_WORK TO BE COMPLETED_
Your task is to transcribe, word for word, the line containing "Ultimate Tuscany Road" and all lines that follow it to the end of the entries. Leave out the pictures.

START DATA RECORDS

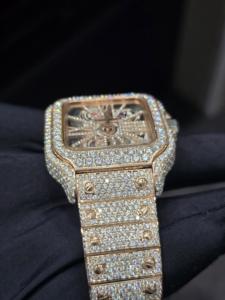 Montre de luxe pour homme de haute qualité, hip-hop, sertie de diamants VVS, cadran à chiffres romains, testeur de diamants - Vente en gros disponible - Product Image 3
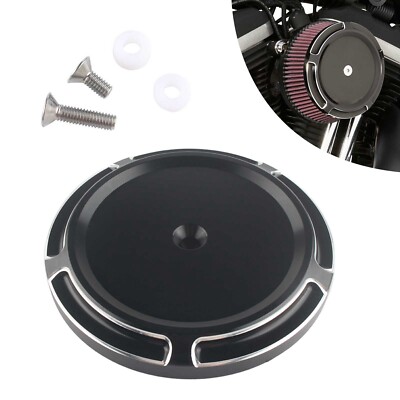 For Harley Dyna Breakout Electra Road Glide Night Train Air Cleaner Cover Black
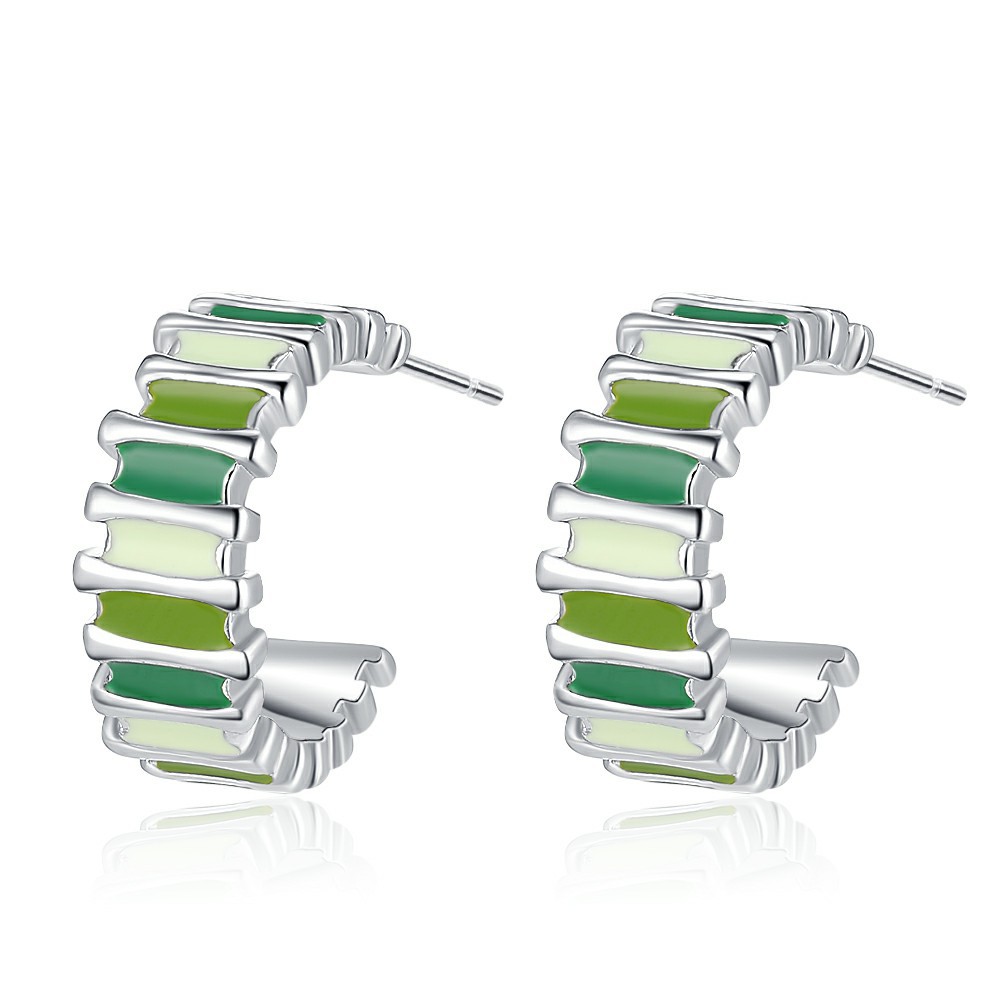 Geometric quality fashionable universal earrings
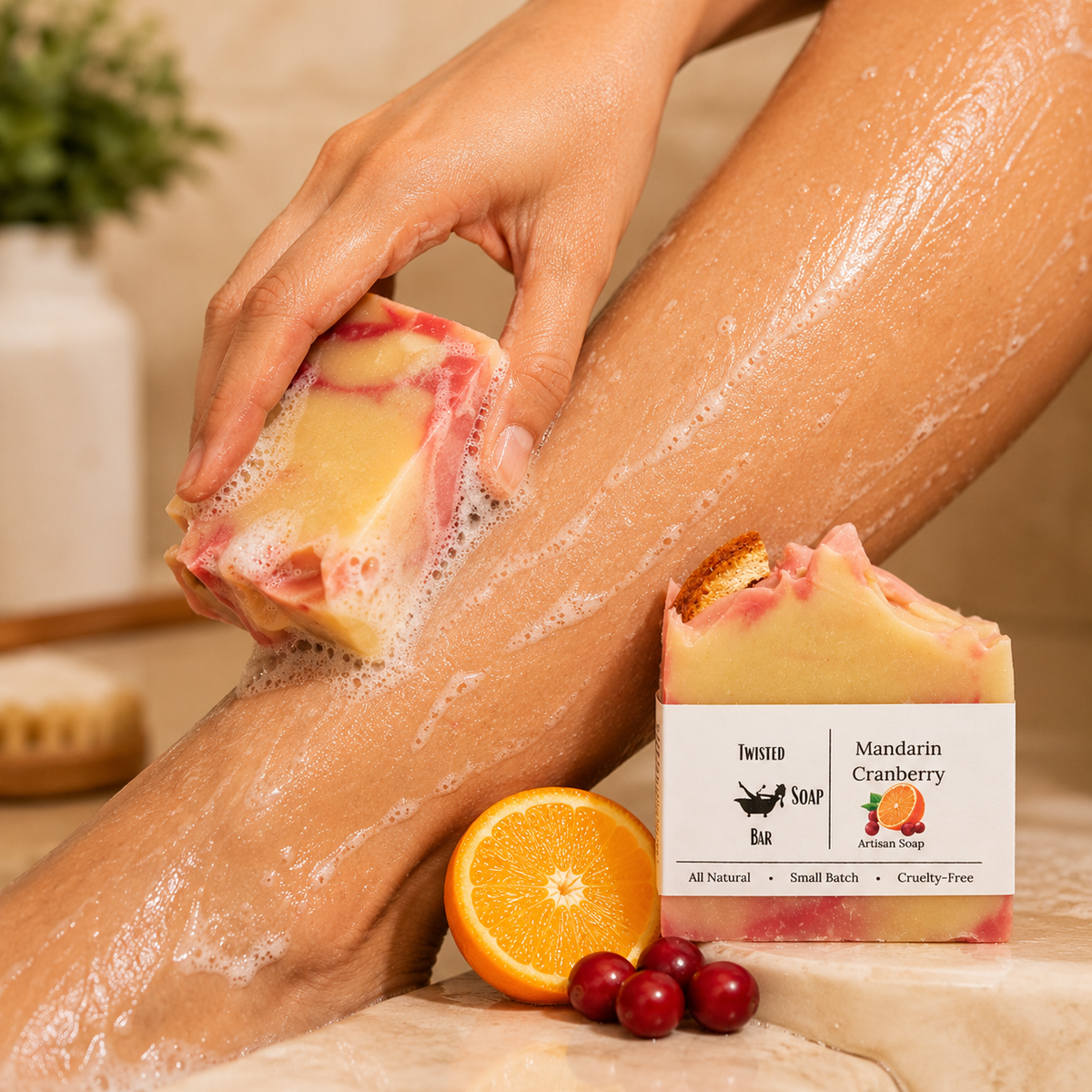 Mandarin & Cranberry Soap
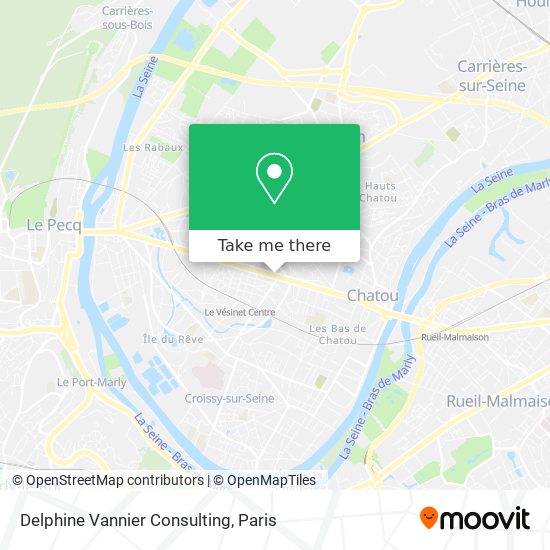 Mapa Delphine Vannier Consulting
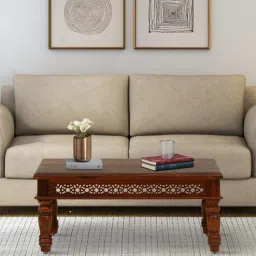 mudramark from pepperfry Avantika Sheesham Wood Coffee Table (Small) In Scratch Resistant Honey Oak Finish-picture-19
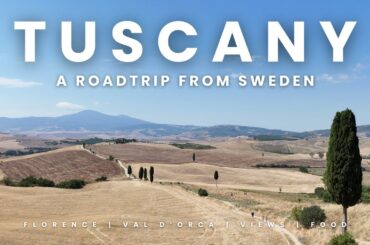 Ultimate Tuscany Road Trip in an EV | Florence, Val d'Orcia, Wine & Gladiator Fields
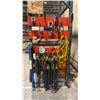 Image 1 : LARGE GROUP OF ASSORTED LIFTING EQUIPMENT- LARGE CHAIN LIFTS, SLINGS, SHACKLES, ETC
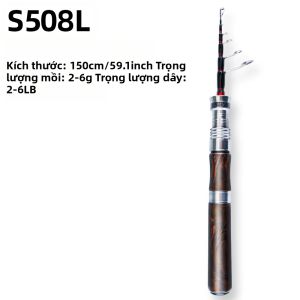 fishingfans | Cần Câu Cá Telescopic Carbon FISHINGFANS MUQINGCHUAN L ML 56" Siêu Nhẹ Cần Câu Du Lịch Dành Cho Cá Hồi Cá Rô Phi Trọng Lượng Mồi 2-10g Độ Nhạy 2-8lb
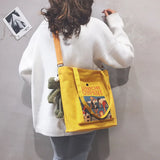 Canvas Messenger Bag Large Capacity Crossbody Shoulder Bag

END DATA RECORDS

_THE COMPLETED TASK_
 Ultimate Tuscany Road Trip in an EV | Florence, Val d'Orcia, Wine & Gladiator Fields
 Image 1 : LARGE GROUP OF ASSORTED LIFTING EQUIPMENT- LARGE CHAIN LIFTS, SLINGS, SHACKLES, ETC
 fishingfans | Cần Câu Cá Telescopic Carbon FISHINGFANS MUQINGCHUAN L ML 56" Siêu Nhẹ Cần Câu Du Lịch Dành Cho Cá Hồi Cá Rô Phi Trọng Lượng Mồi 2-10g Độ Nhạy 2-8lb
 Canvas Messenger Bag Large Capacity Crossbody Shoulder Bag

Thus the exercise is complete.